» What you will do
With the exception of the pictures, write out the data below precisely.

» Raw data
/---
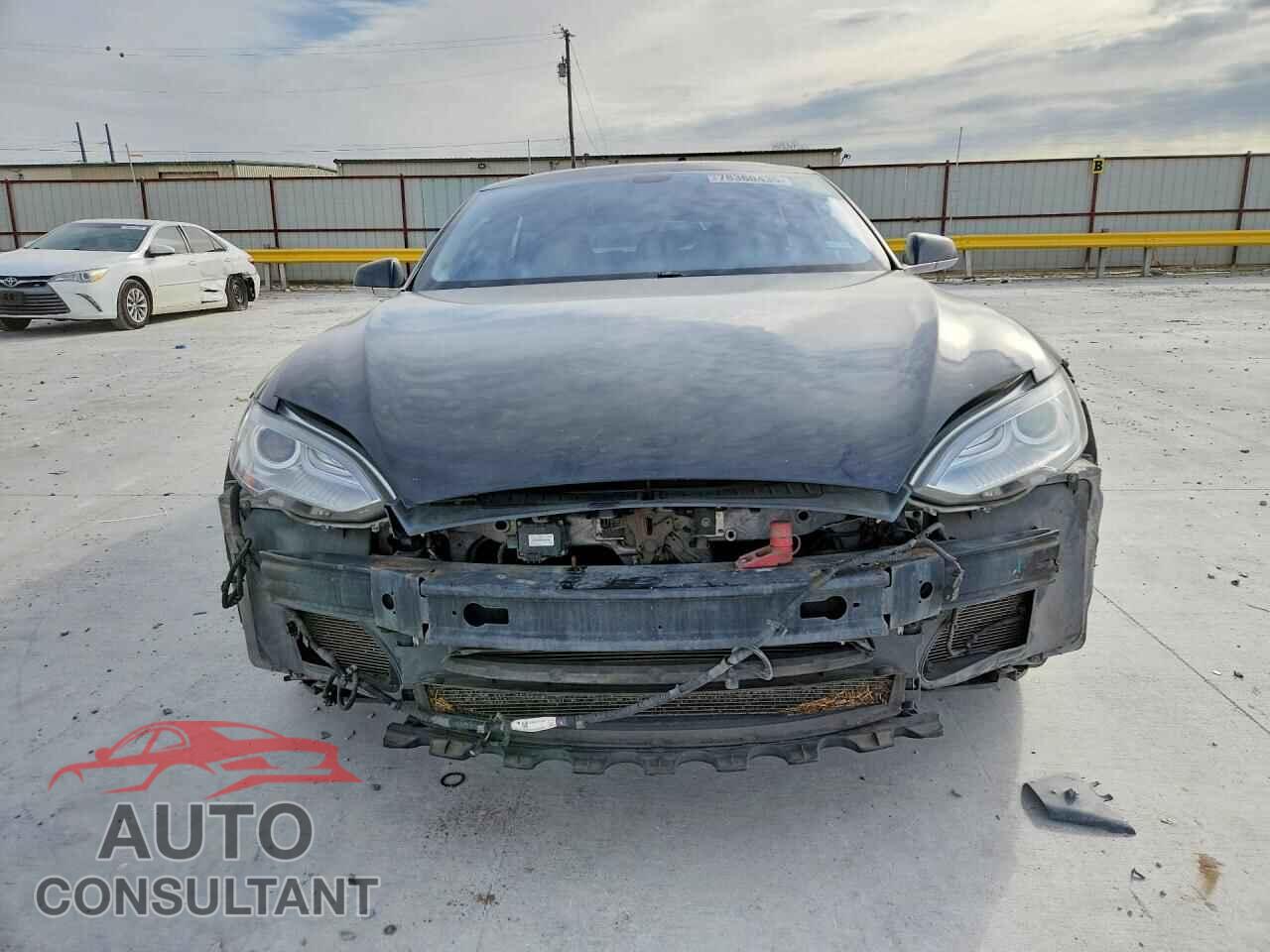 TESLA MODEL S 2013 - 5YJSA1CN4DFP20265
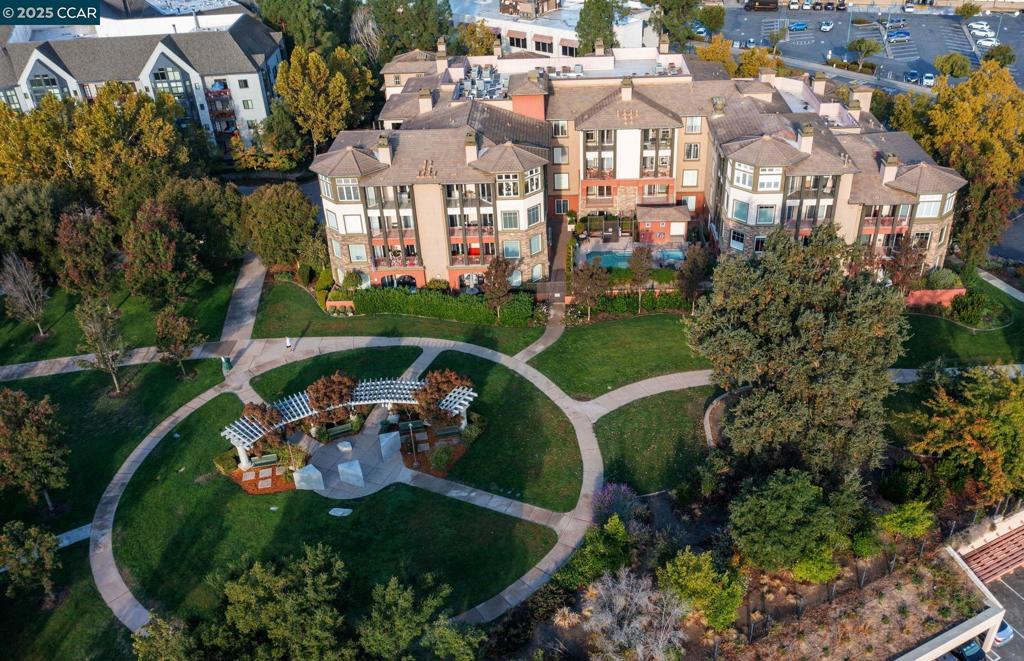 Photo of Listing #41106036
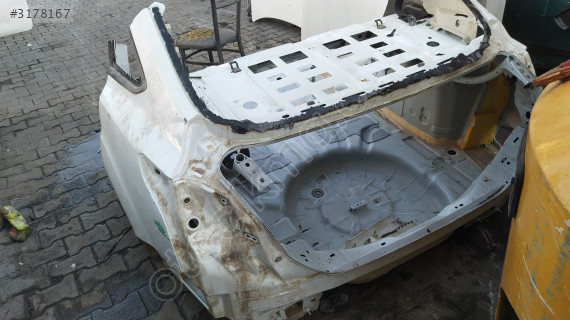 ford focus arka çamurluk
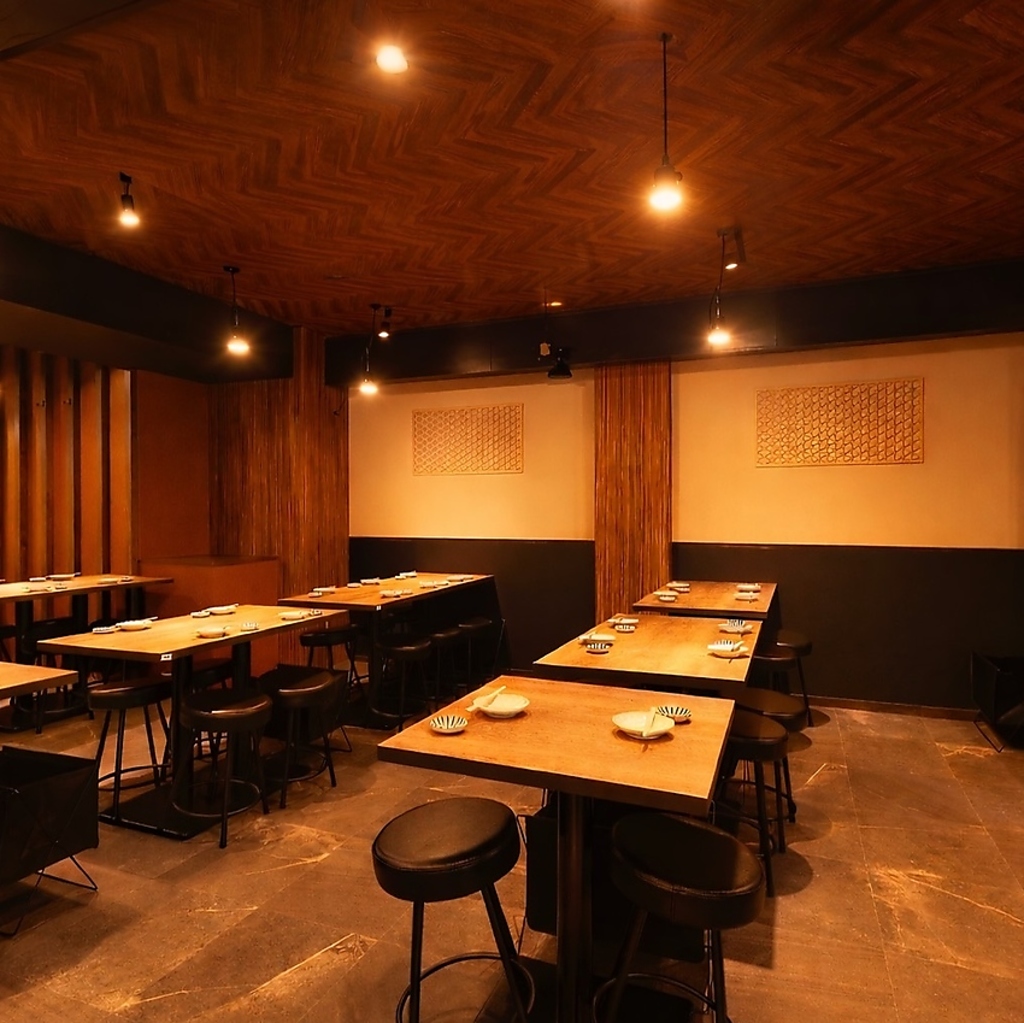 【店内】落ち着いた雰囲気で浜焼きを楽しめる♪少人数でも使いやすいお席を各種ご用意※画像は系列店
\---
» Answer to this problem
 TESLA MODEL S 2013 - 5YJSA1CN4DFP20265
 Photo of Listing #41106036
 ford focus arka çamurluk
 【店内】落ち着いた雰囲気で浜焼きを楽しめる♪少人数でも使いやすいお席を各種ご用意※画像は系列店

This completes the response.